* _TASK STATEMENT_: Please restate the data below word for word, omitting all images.

EXERCISE INPUTS START

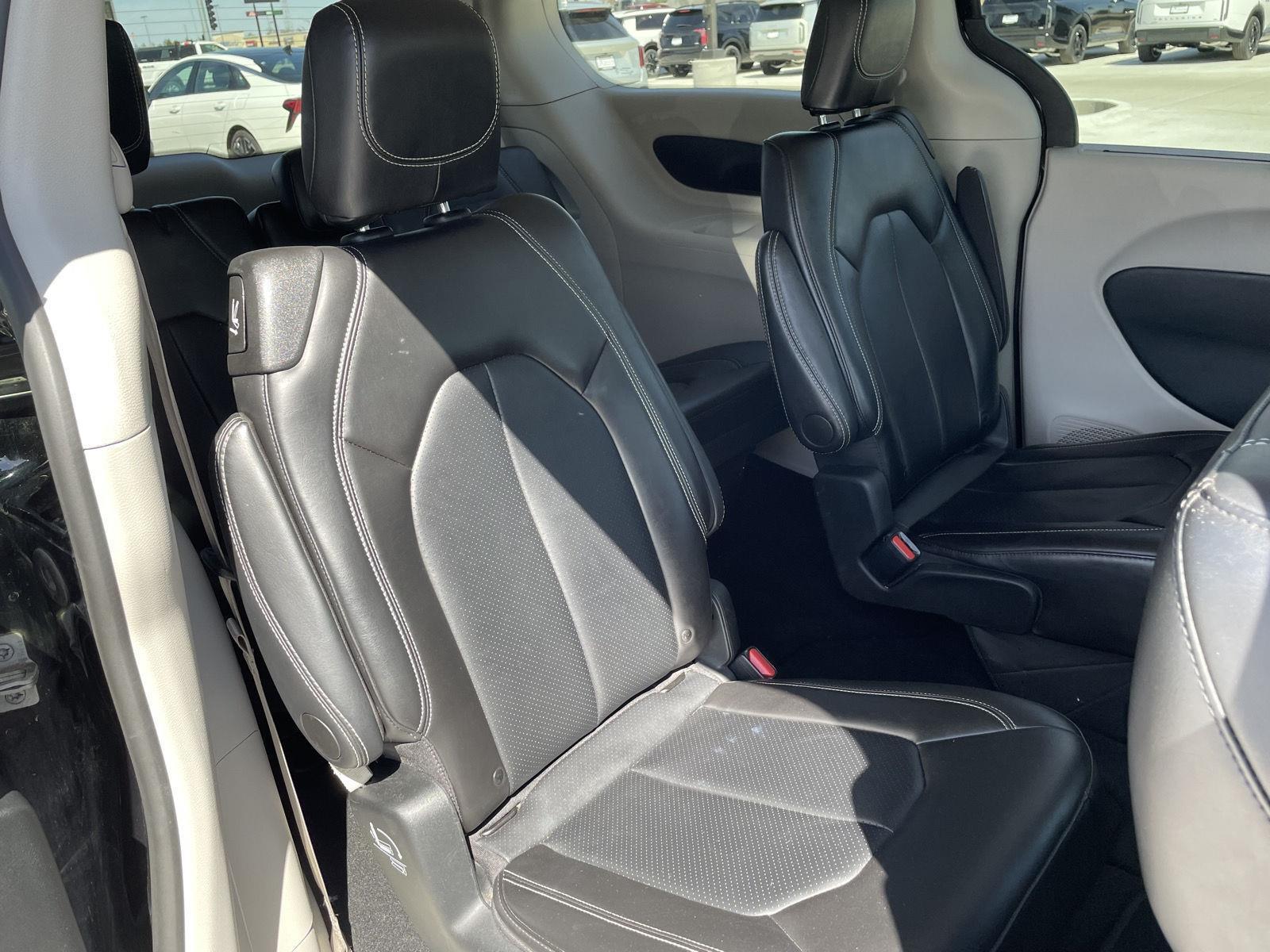 Used 2024 Chrysler Pacifica for sale in Grand Island NE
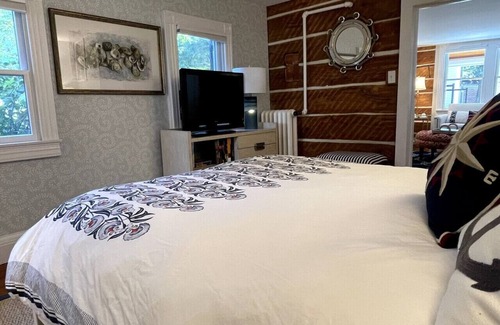 St. Michaels Bed & Breakfast | The Snuggery Inn & Suites Captain`s Quarters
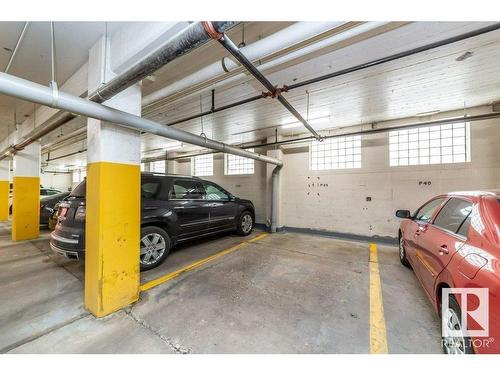 208 10009 102 Avenue, Edmonton, AB - Indoor Photo Showing Garage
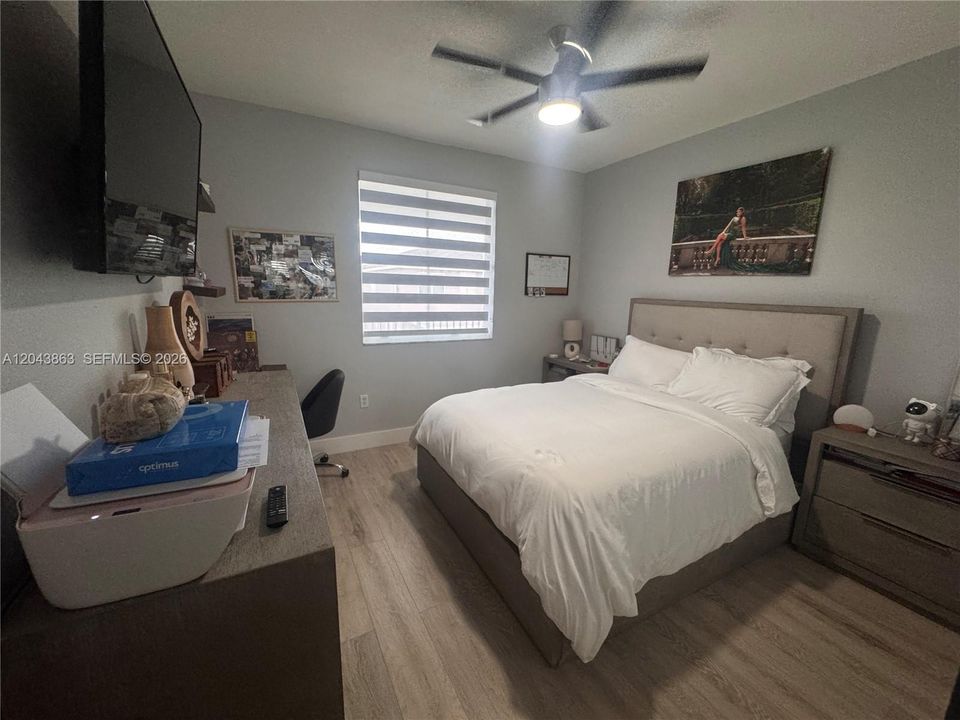 En Renta: $6,000 (4 camas, 2 baños, 2372 Pies cuadrados)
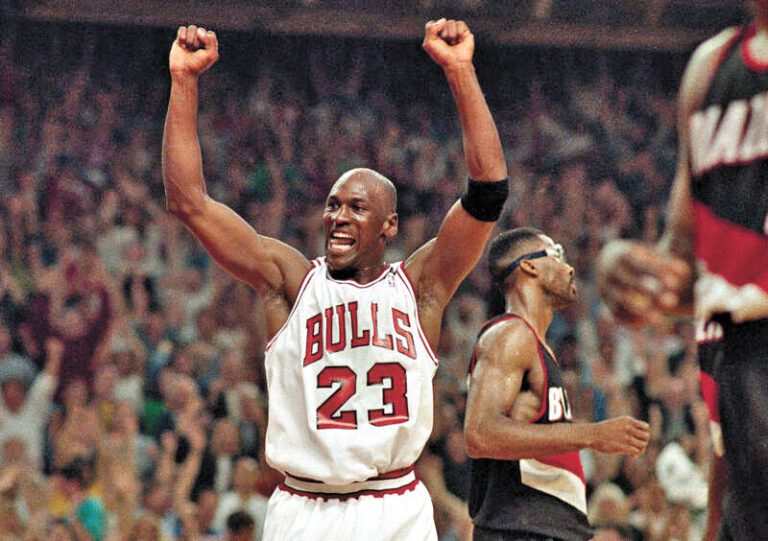 佐敦在1998年的NBA總決賽第三場所穿的戰袍，以1226萬美元的天價成交。美聯社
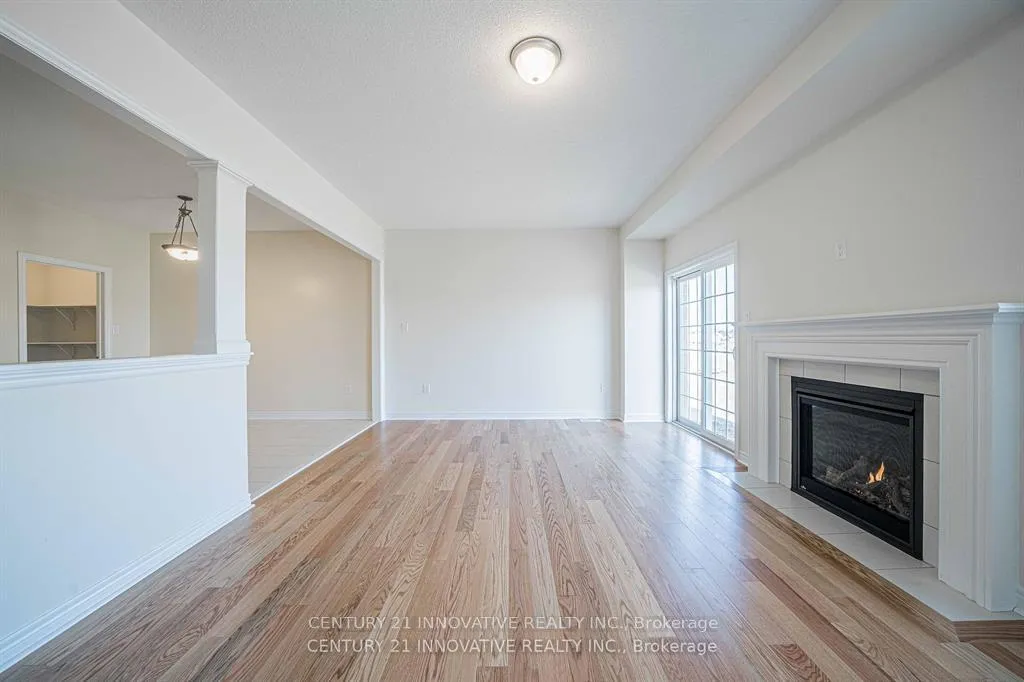 Photo 6 of 5 Jevons Drive W, Ajax, South East — HOMEH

EXERCISE INPUTS END

* _ANSWER TO THE EXERCISE_:
 Used 2024 Chrysler Pacifica for sale in Grand Island NE
 St. Michaels Bed & Breakfast | The Snuggery Inn & Suites Captain`s Quarters
 208 10009 102 Avenue, Edmonton, AB - Indoor Photo Showing Garage
 En Renta: $6,000 (4 camas, 2 baños, 2372 Pies cuadrados)
 佐敦在1998年的NBA總決賽第三場所穿的戰袍，以1226萬美元的天價成交。美聯社
 Photo 6 of 5 Jevons Drive W, Ajax, South East — HOMEH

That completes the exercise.